Oscar Nominated Short Films: Animation

dear.jpg

The Academy has a reputation for pleasing itself as often as it can, and for good reason. Films like The Artist, Birdman, and La La Land make up just a few examples of movies about the magic of movies that walked away with plenty of gold statues, so does it come as a surprise that they would nominate something as self-indulgent as Dear Basketball? Kobe Bryant’s vanity project sees the now-retired athlete hiring legendary Disney animator Glen Keane and composer John Williams to visualize a poem he wrote to announce his retirement. On its own, Bryant’s poem is fine, but in this context it’s a laughable act of stroking one’s ego. Williams’ soaring strings sound like a parody of his work, and Keane’s animation can’t overpower the sheer gravitational pull of Bryant’s ego. Dear Basketball is only inspiring in the way it shows how limitless one’s own vanity and sense of self-importance can be.

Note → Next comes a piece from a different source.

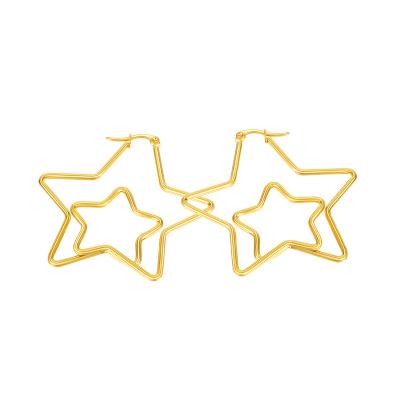 China High Quality Minimalist Two Star Nickel Free Dangle Big Circle Earrings Gold Plated Large Stainless Steel Star Stud Earrings For Women for sale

Thankfully, Dear Basketball only lasts for five minutes, and almost all of the other shorts in the category follow suit, offering up brief run-times and small bursts of storytelling. Pixar makes its inevitable appearance with Lou, where a pile of miscellaneous items in a school’s lost and found come to life and teach a bully a lesson. You have to admire Pixar for how well they’ve weaponized their ability to prey on nostalgia through anthropomorphization. Here, the cutesy pile of knickknacks is a cross between Wall-E and Inside Out’s Bing Bong, and while the short is transparent in its manipulation, it’s executed well enough to remind us of why Pixar remains a cartoon juggernaut.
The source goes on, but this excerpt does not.